## TO DO
The listing that follows must be retyped exactly, without its pictures.

## INFORMATION SHOWN
=== Begin Enclosure ===
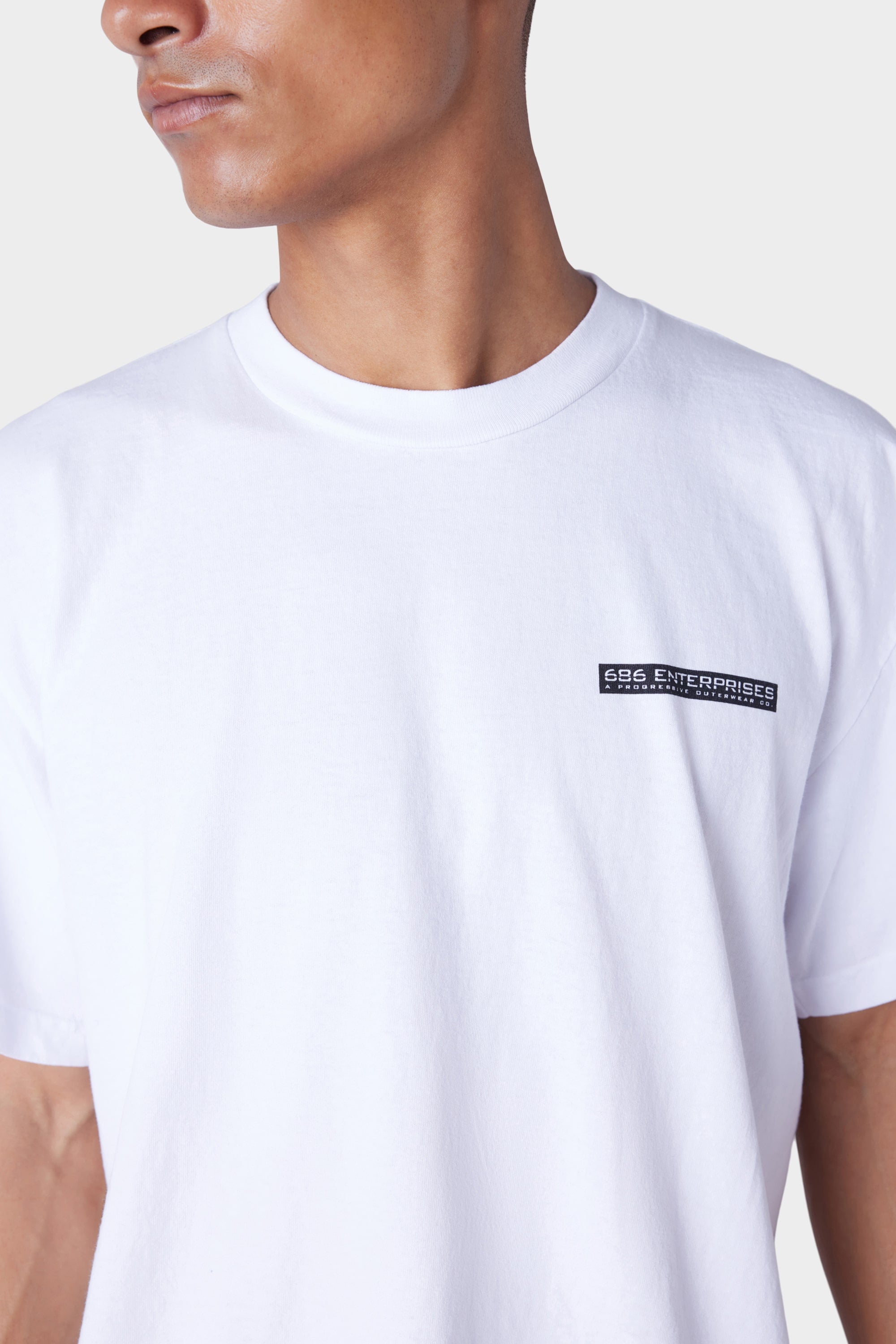 A person wears the 686 Mens Global Enterprises Short Sleeve Tee, a plain white vintage fit with a small black 686 ENTERPRISES logo on the left chest. They are turned slightly to the side, with their face partially out of frame.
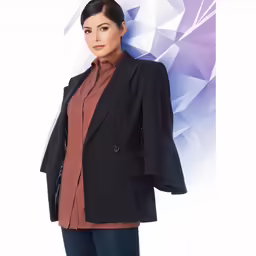 a woman is wearing a blazer, jeans and brown shirt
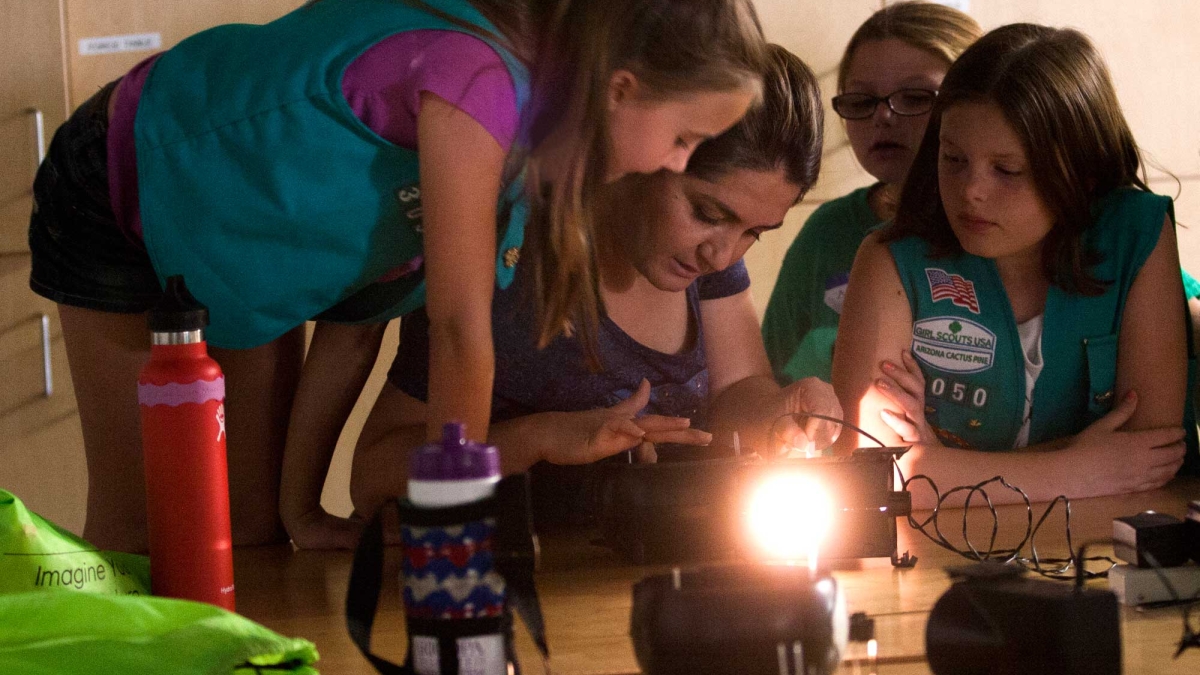 Girl Scouts study model of the human eye at ASU Polytechnic campus
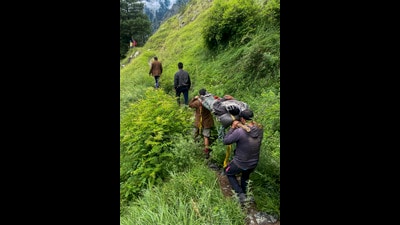 Mountaineering rescue team members carry an injured person on a stretcher along the trails of the Bada Bhangal, in Kangra on Monday. (PTI) Mountaineering rescue team members carry an injured person on a stretcher along the trails of the Bada Bhangal, in Kangra on Monday. (PTI)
=== End Enclosure ===
## WRITTEN RESPONSE
 A person wears the 686 Mens Global Enterprises Short Sleeve Tee, a plain white vintage fit with a small black 686 ENTERPRISES logo on the left chest. They are turned slightly to the side, with their face partially out of frame.
 a woman is wearing a blazer, jeans and brown shirt
 Girl Scouts study model of the human eye at ASU Polytechnic campus
 Mountaineering rescue team members carry an injured person on a stretcher along the trails of the Bada Bhangal, in Kangra on Monday. (PTI) Mountaineering rescue team members carry an injured person on a stretcher along the trails of the Bada Bhangal, in Kangra on Monday. (PTI)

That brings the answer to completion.